> [YOUR OBJECTIVE]:
With the pictures left out, retype exactly the lines below starting at the line that contains "People waiting in" and ending at the line that contains "Small country-style kitchen".

--- START ---

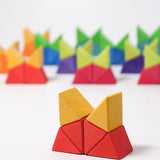 The triangular shaped wooden blocks  from the Grimm's Large Octagon Puzzle set used to create a stack that  resembles a cat's head.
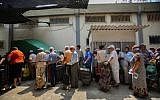 People waiting in line for food packages at a distribution center for needy in Lod on September 11, 2012.  (photo credit: Yonatan Sindel/Flash90)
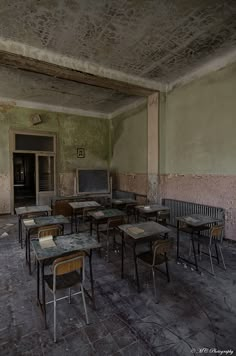 an empty room with tables and chairs in it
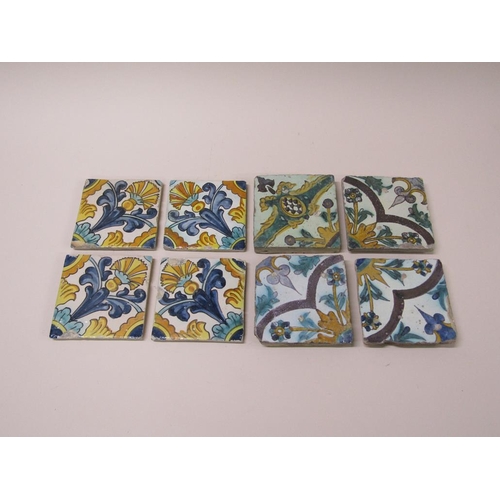 185 - Two sets of four Spanish polychrome tiles of leaf and floral design, principally glazed in yellow gr... 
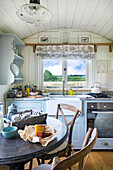 Small country-style kitchen with light blue cabinets in a tiny home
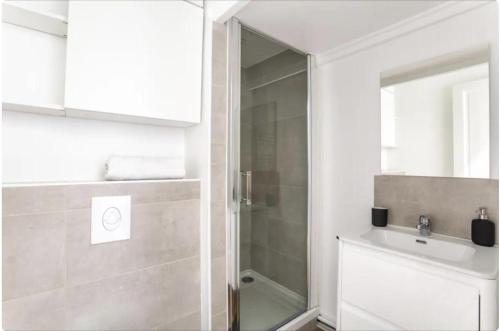 une salle de bain avec une douche, un lavabo et un miroir dans l'établissement Jolie appartement proche de la joliette 14LAN, à Marseille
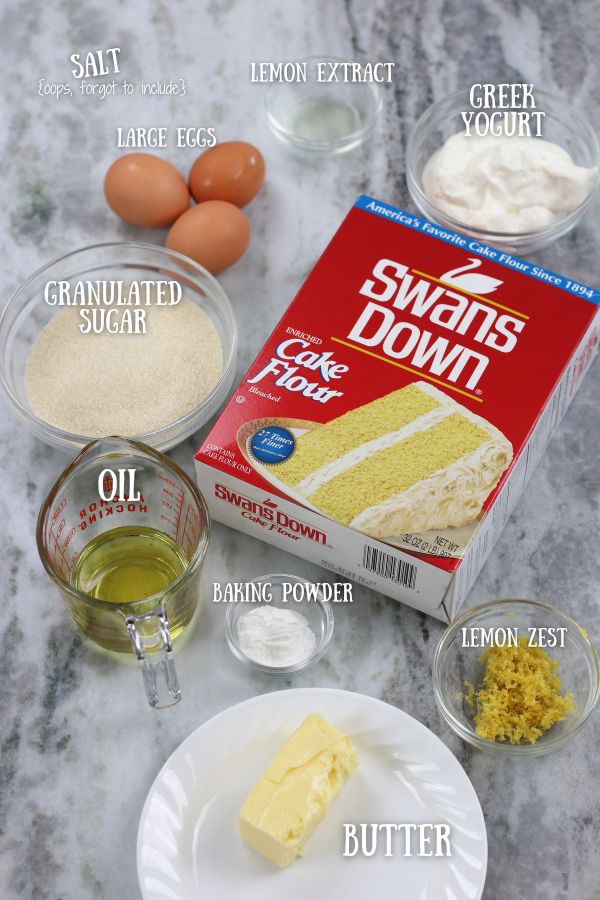 Ingredients for Lemon Sheet Cake arranged on a white marble countertop.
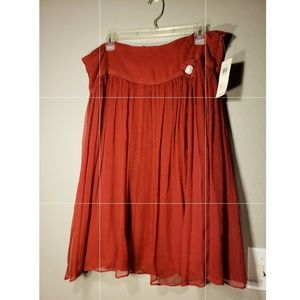 Red skirt with flower detail.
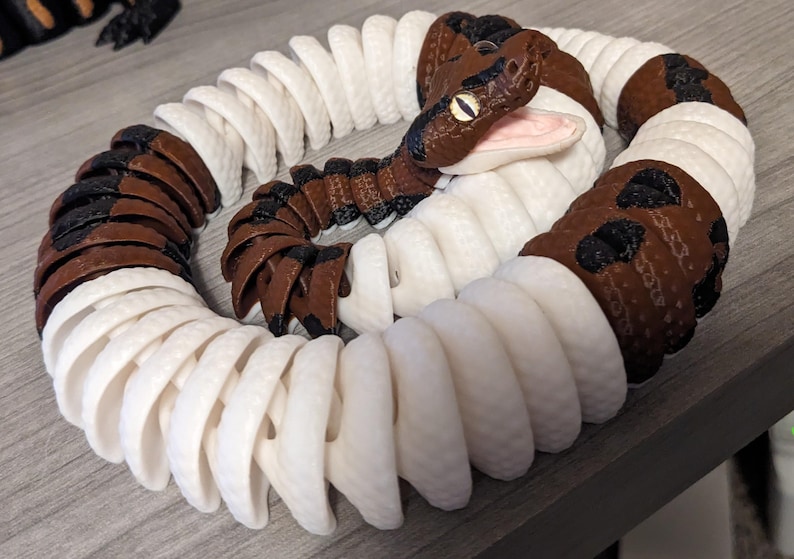May include: A coiled, articulated snake toy with a brown and white pattern. The snake's head is brown with black accents and yellow eyes. The body alternates between white and brown segments, creating a realistic appearance.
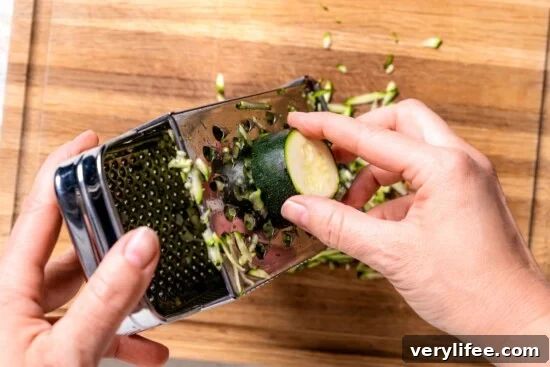 Grating zucchini on box grater.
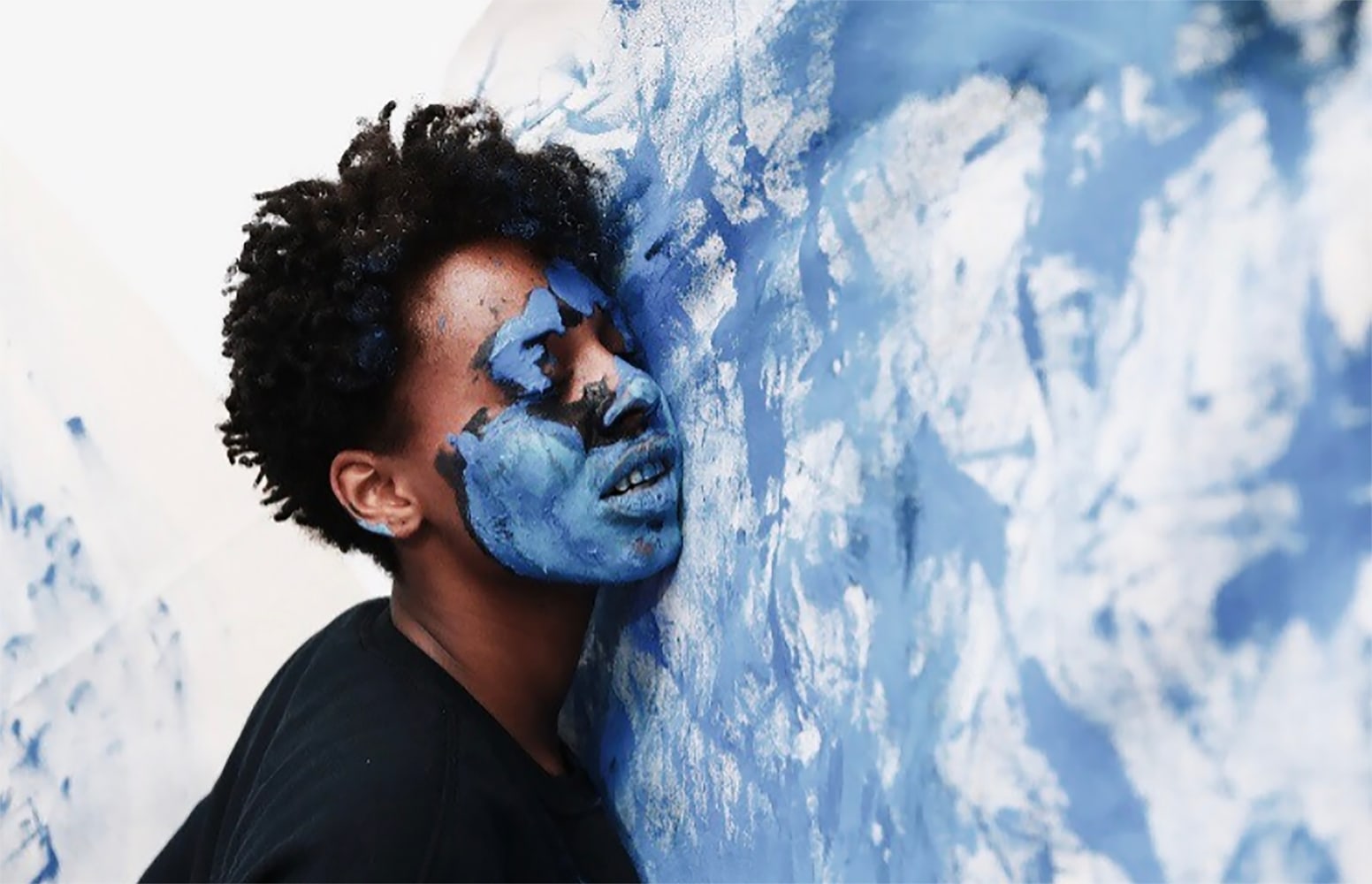 Photo of a woman with blue paint on her face pressing her face into a canvas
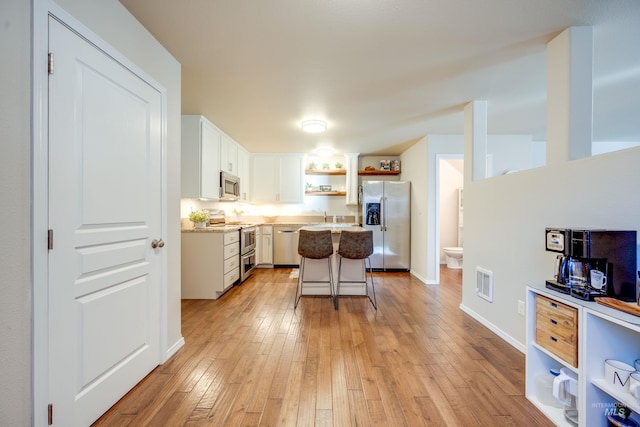 kitchen with stainless steel appliances, a kitchen island, visible vents, light wood-style floors, and open shelves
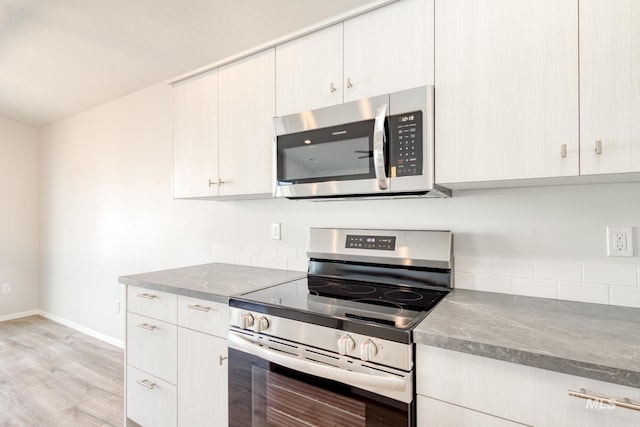 kitchen featuring tasteful backsplash, light wood-type flooring, appliances with stainless steel finishes, and baseboards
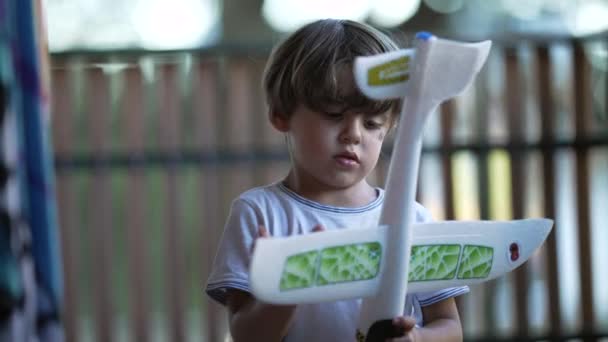 一个可爱的小男孩抱着巨大的抛掷泡沫平面 在公寓楼露台为小朋友们提供的飞行玩具 — 图库视频影像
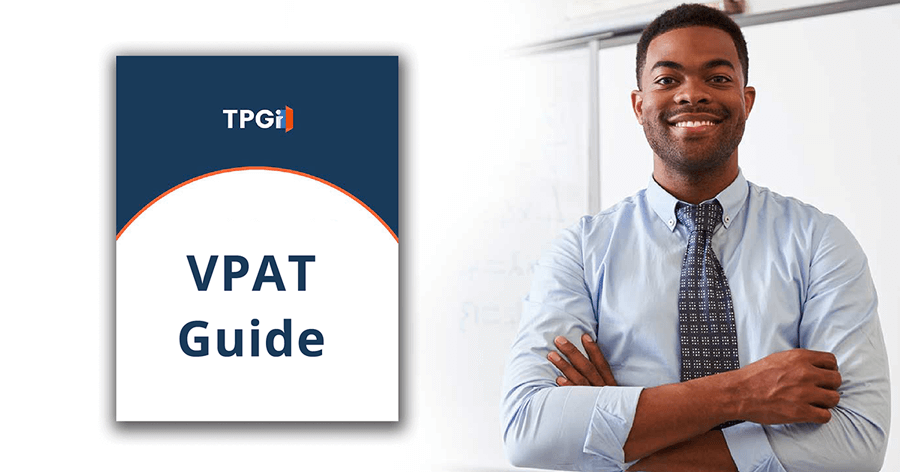 TPGi VPAT Guide. Man smiling with arms folding.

--- END ---

> [EXPECTED ANSWER]:
 People waiting in line for food packages at a distribution center for needy in Lod on September 11, 2012.  (photo credit: Yonatan Sindel/Flash90)
 an empty room with tables and chairs in it
 185 - Two sets of four Spanish polychrome tiles of leaf and floral design, principally glazed in yellow gr... 
 Small country-style kitchen with light blue cabinets in a tiny home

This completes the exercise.